## Exercise objective
The required answer is an exact copy of the records below, without pictures.

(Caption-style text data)
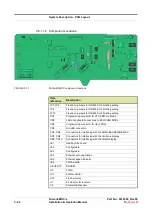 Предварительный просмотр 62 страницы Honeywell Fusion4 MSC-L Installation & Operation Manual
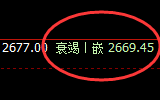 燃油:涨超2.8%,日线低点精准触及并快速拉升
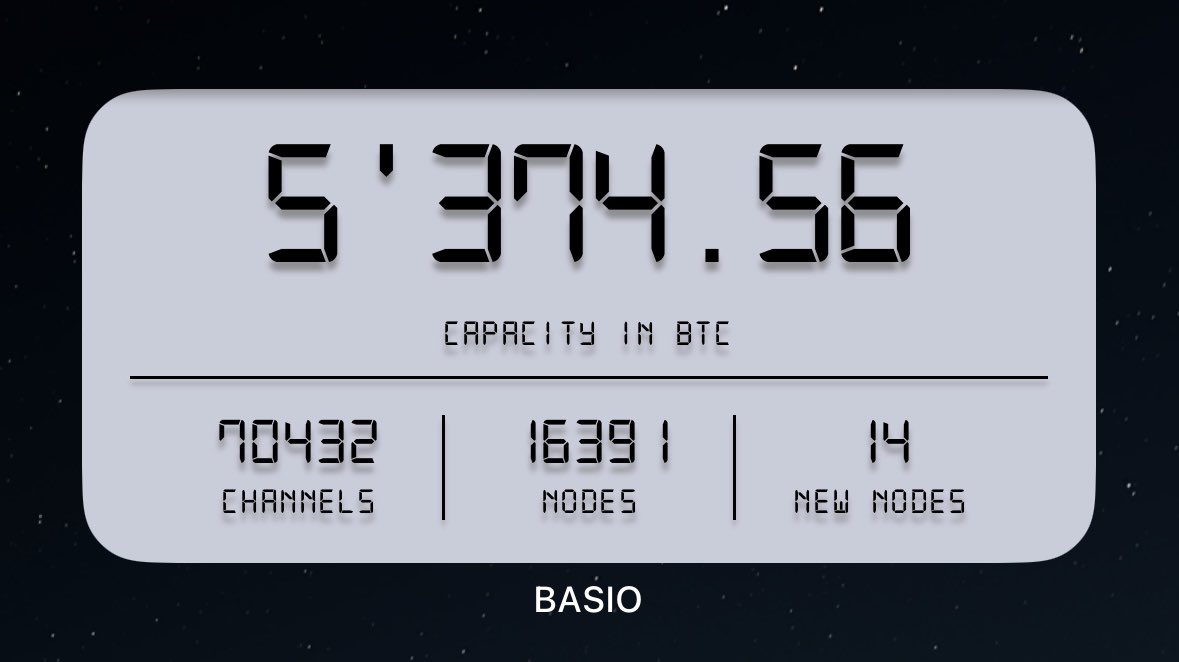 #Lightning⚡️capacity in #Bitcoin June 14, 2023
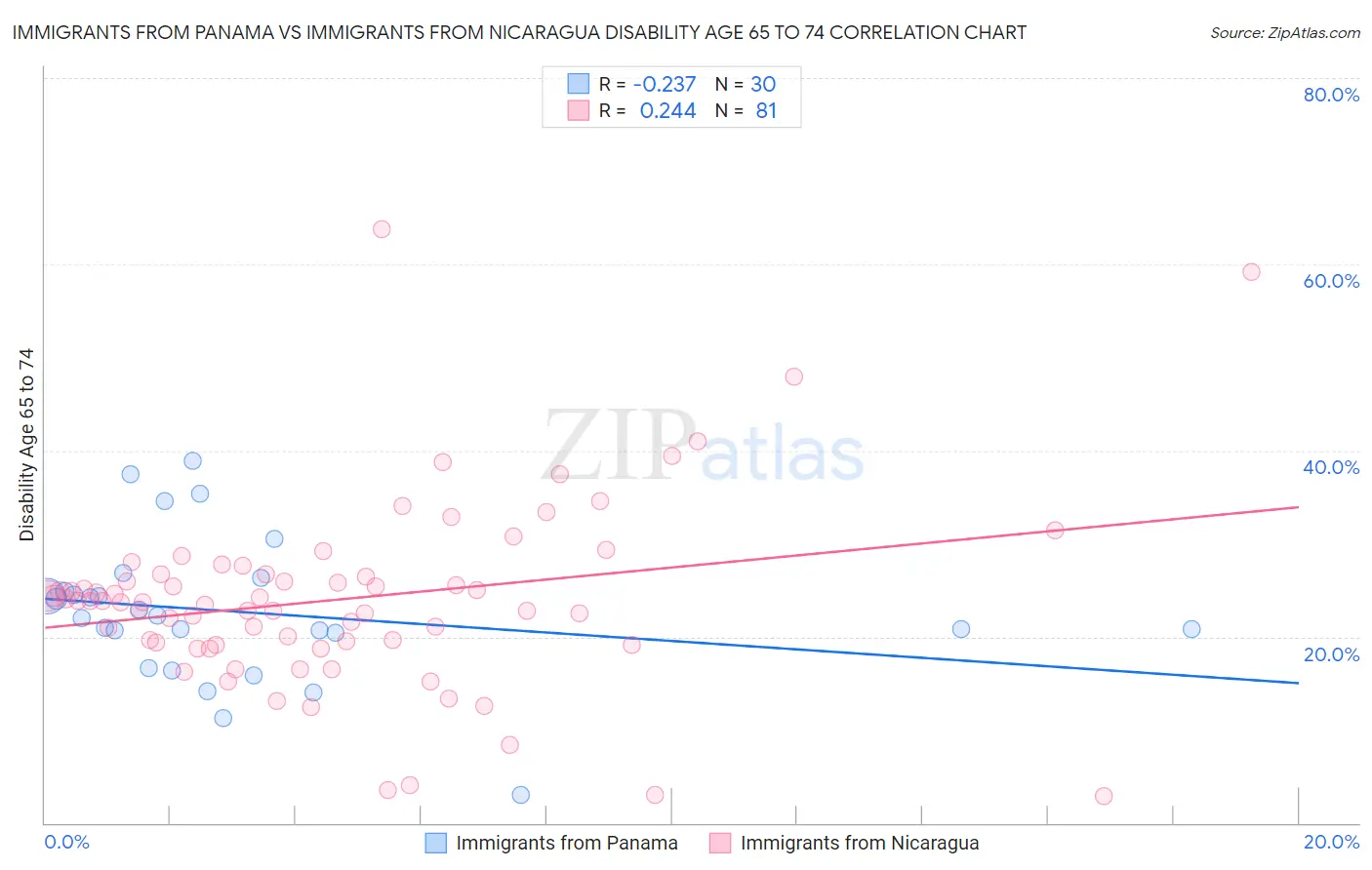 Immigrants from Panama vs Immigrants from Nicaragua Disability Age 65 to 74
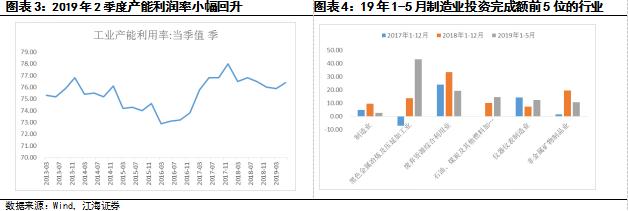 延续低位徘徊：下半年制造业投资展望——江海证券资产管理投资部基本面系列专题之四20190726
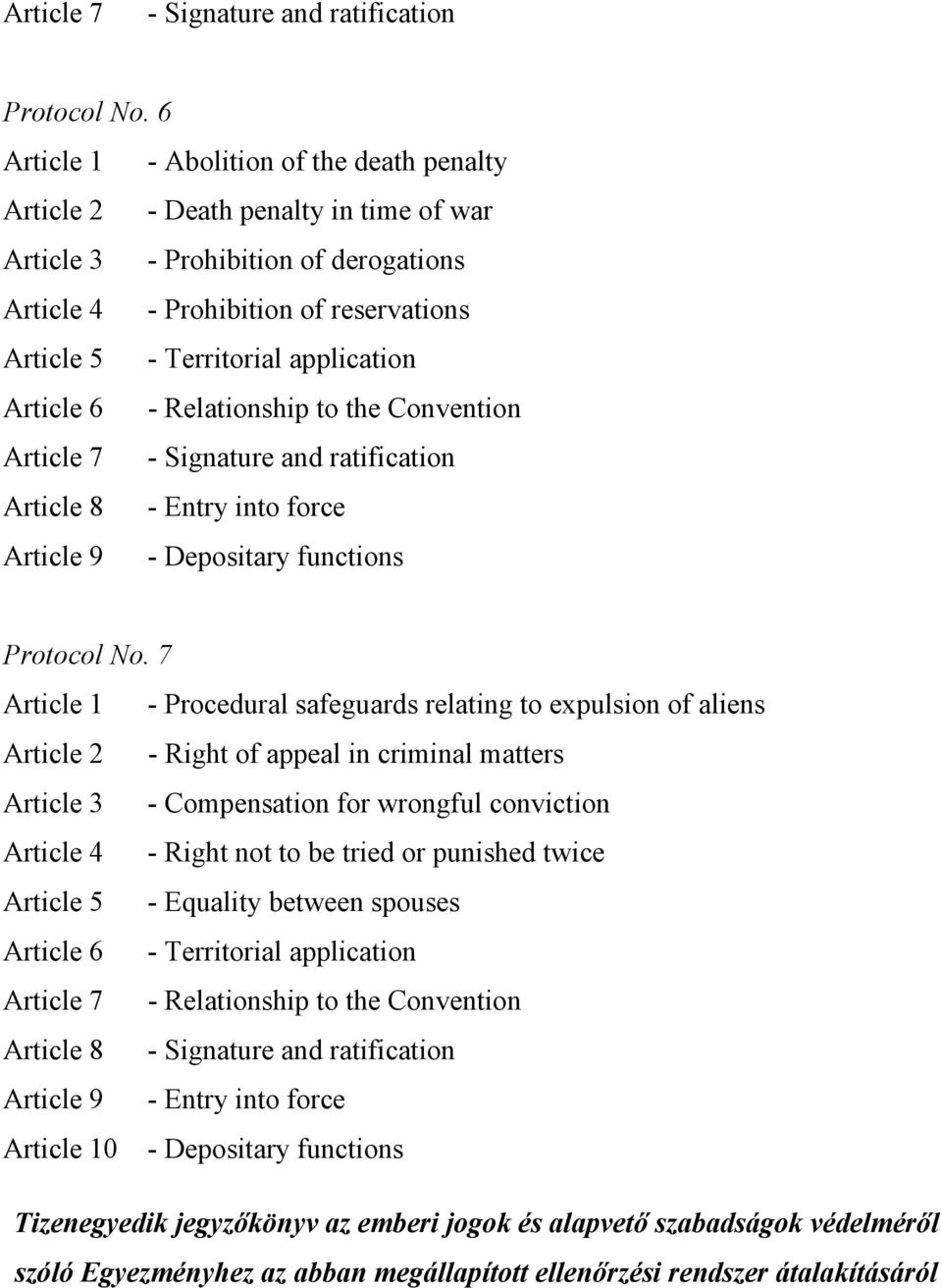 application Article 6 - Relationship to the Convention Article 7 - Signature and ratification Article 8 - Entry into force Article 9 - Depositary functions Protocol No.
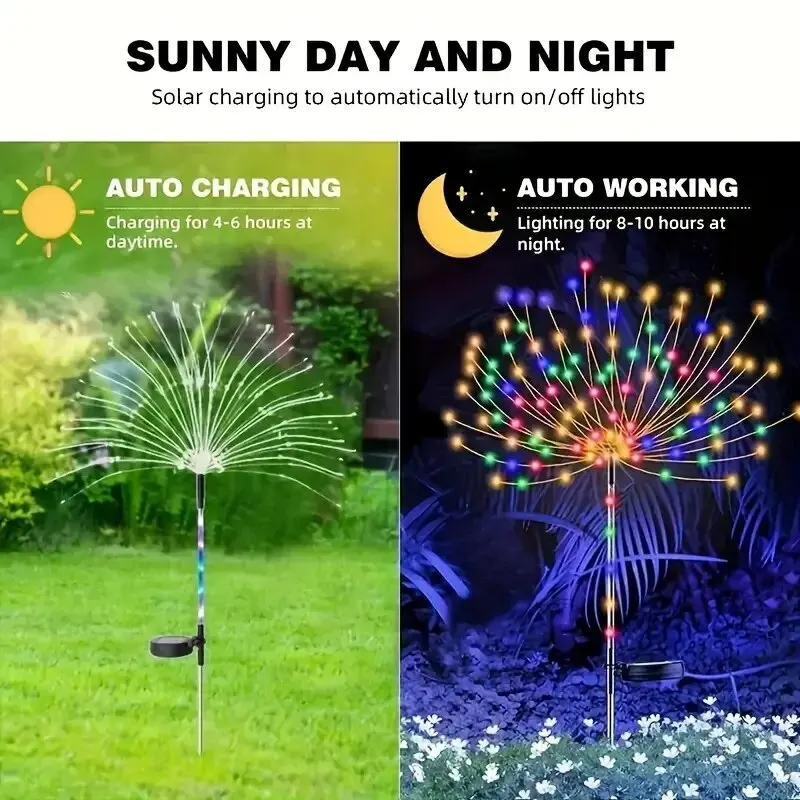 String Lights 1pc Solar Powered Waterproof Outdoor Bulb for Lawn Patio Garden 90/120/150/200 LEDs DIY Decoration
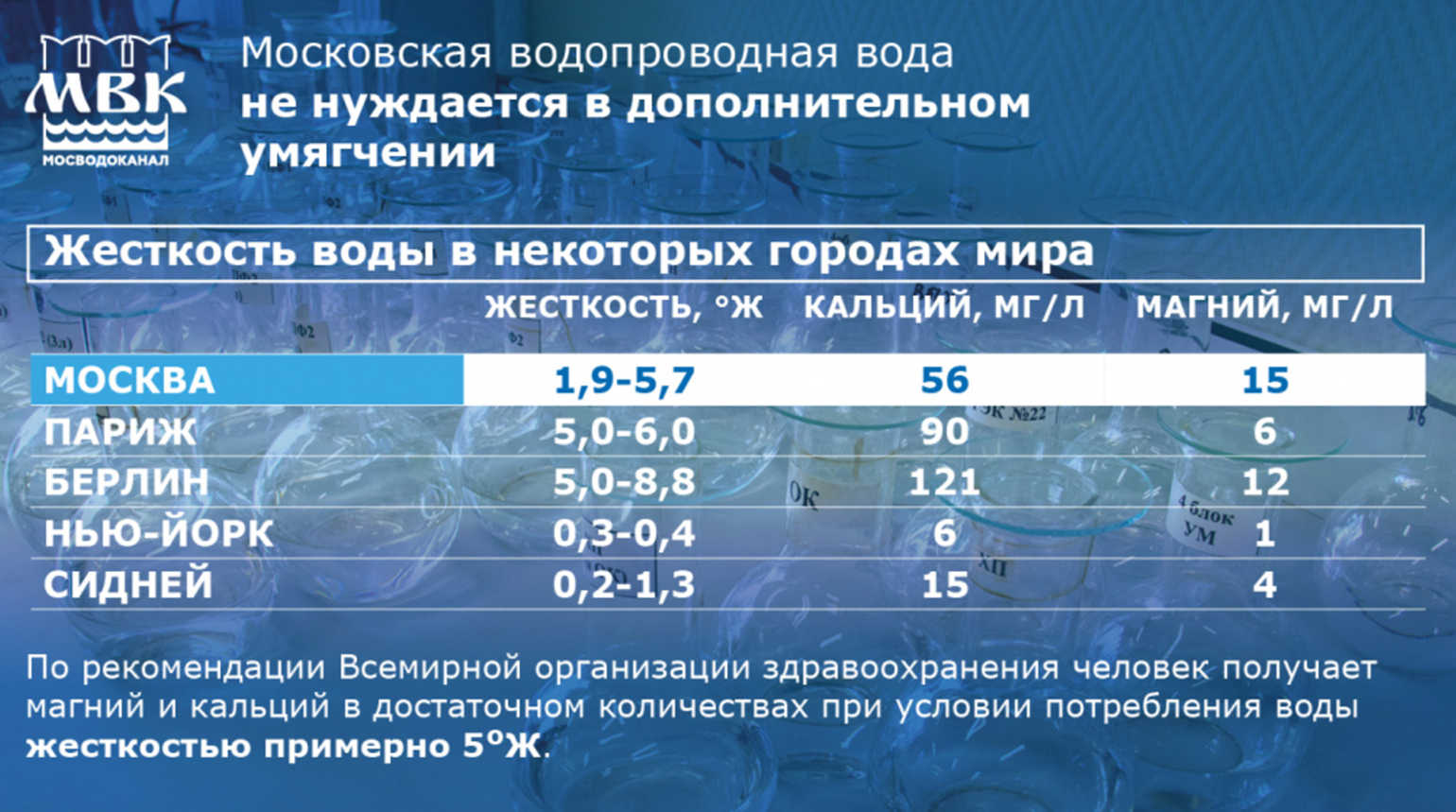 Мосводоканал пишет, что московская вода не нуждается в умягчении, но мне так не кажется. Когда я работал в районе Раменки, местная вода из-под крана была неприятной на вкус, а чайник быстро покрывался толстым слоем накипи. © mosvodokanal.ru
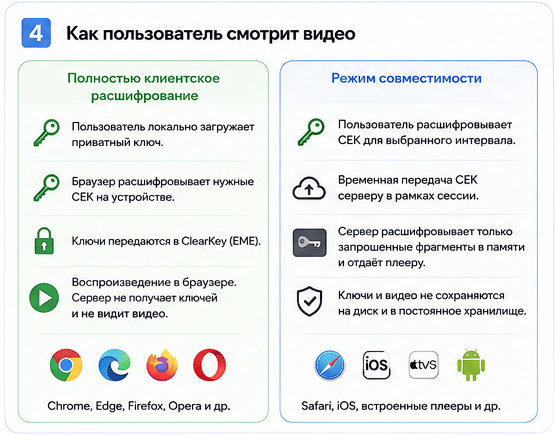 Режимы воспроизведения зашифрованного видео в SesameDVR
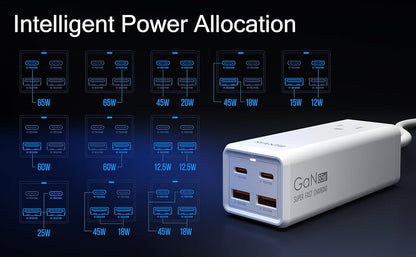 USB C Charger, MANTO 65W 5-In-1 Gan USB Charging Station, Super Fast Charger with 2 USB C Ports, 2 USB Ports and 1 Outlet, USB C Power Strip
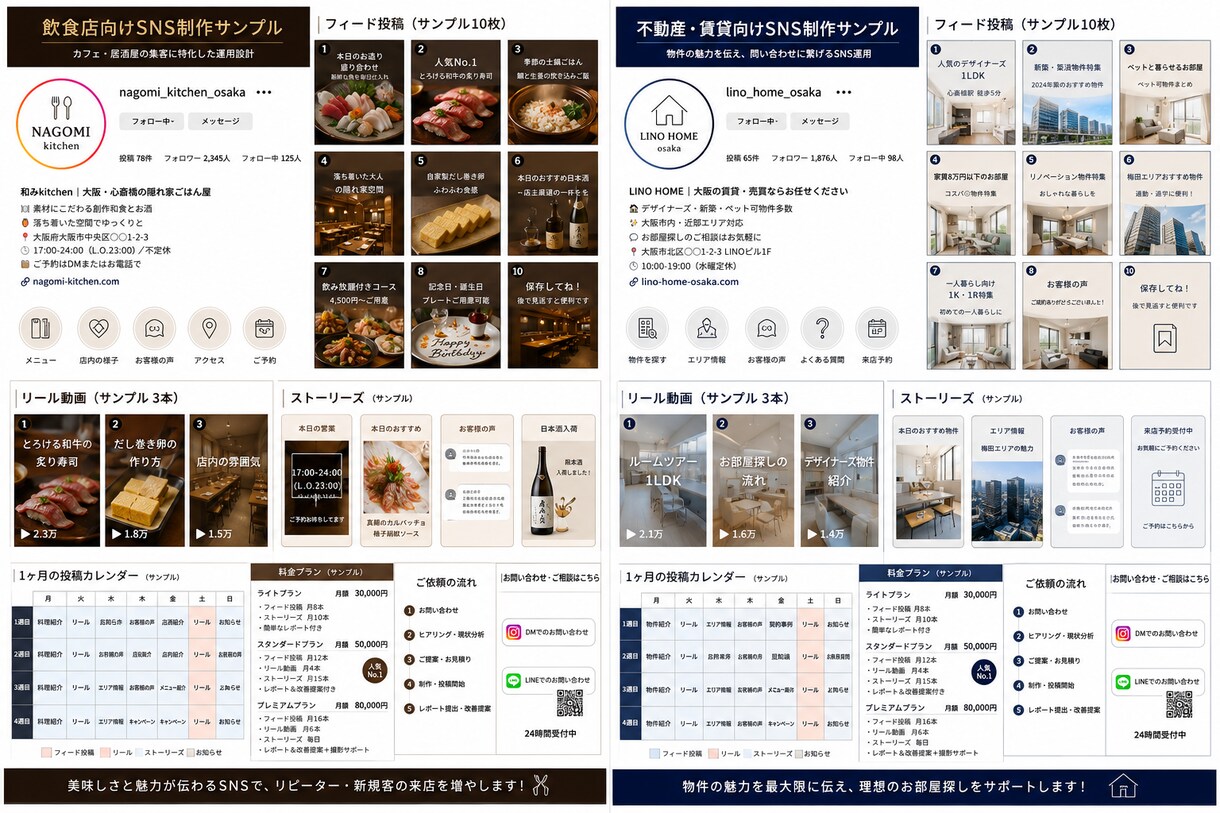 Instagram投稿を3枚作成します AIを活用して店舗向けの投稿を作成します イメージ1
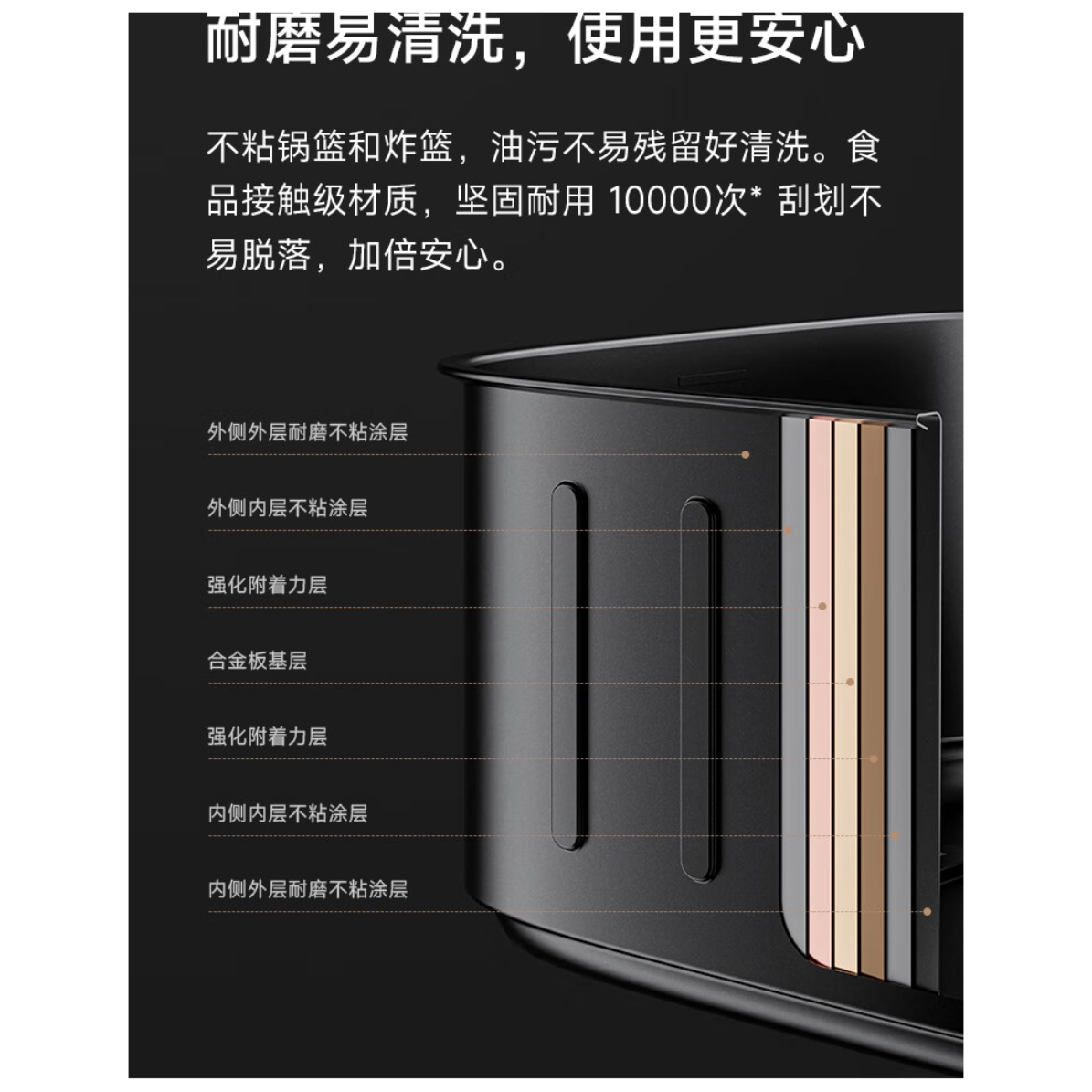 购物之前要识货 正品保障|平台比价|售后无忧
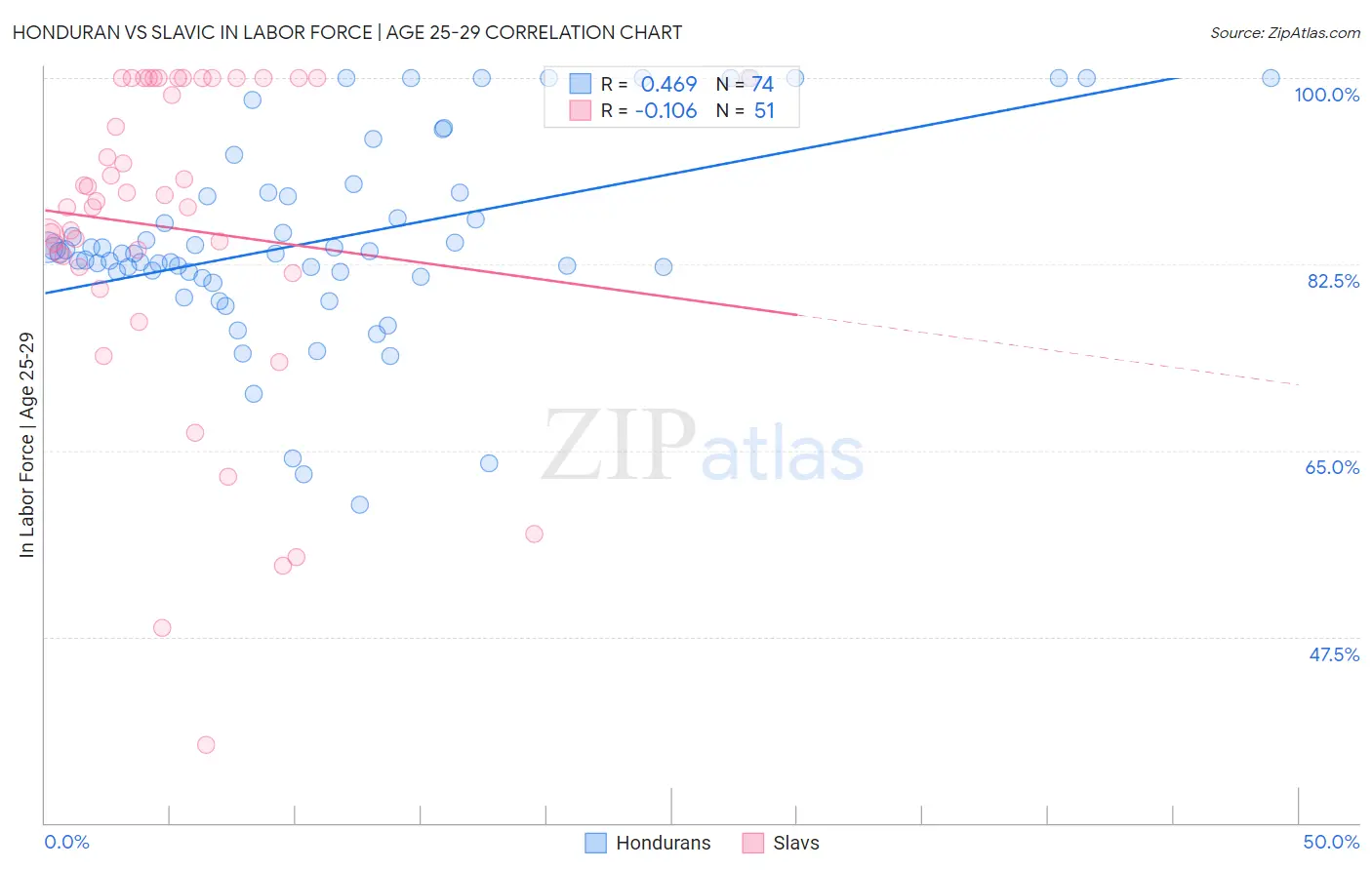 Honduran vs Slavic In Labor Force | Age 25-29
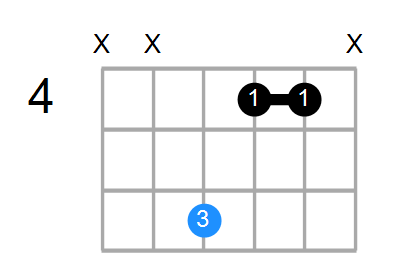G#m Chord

## Answer section
 Предварительный просмотр 62 страницы Honeywell Fusion4 MSC-L Installation & Operation Manual
 燃油:涨超2.8%,日线低点精准触及并快速拉升
 #Lightning⚡️capacity in #Bitcoin June 14, 2023
 Immigrants from Panama vs Immigrants from Nicaragua Disability Age 65 to 74
 延续低位徘徊：下半年制造业投资展望——江海证券资产管理投资部基本面系列专题之四20190726
 application Article 6 - Relationship to the Convention Article 7 - Signature and ratification Article 8 - Entry into force Article 9 - Depositary functions Protocol No.
 String Lights 1pc Solar Powered Waterproof Outdoor Bulb for Lawn Patio Garden 90/120/150/200 LEDs DIY Decoration
 Мосводоканал пишет, что московская вода не нуждается в умягчении, но мне так не кажется. Когда я работал в районе Раменки, местная вода из-под крана была неприятной на вкус, а чайник быстро покрывался толстым слоем накипи. © mosvodokanal.ru
 Режимы воспроизведения зашифрованного видео в SesameDVR
 USB C Charger, MANTO 65W 5-In-1 Gan USB Charging Station, Super Fast Charger with 2 USB C Ports, 2 USB Ports and 1 Outlet, USB C Power Strip
 Instagram投稿を3枚作成します AIを活用して店舗向けの投稿を作成します イメージ1
 购物之前要识货 正品保障|平台比价|售后无忧
 Honduran vs Slavic In Labor Force | Age 25-29
G#m Chord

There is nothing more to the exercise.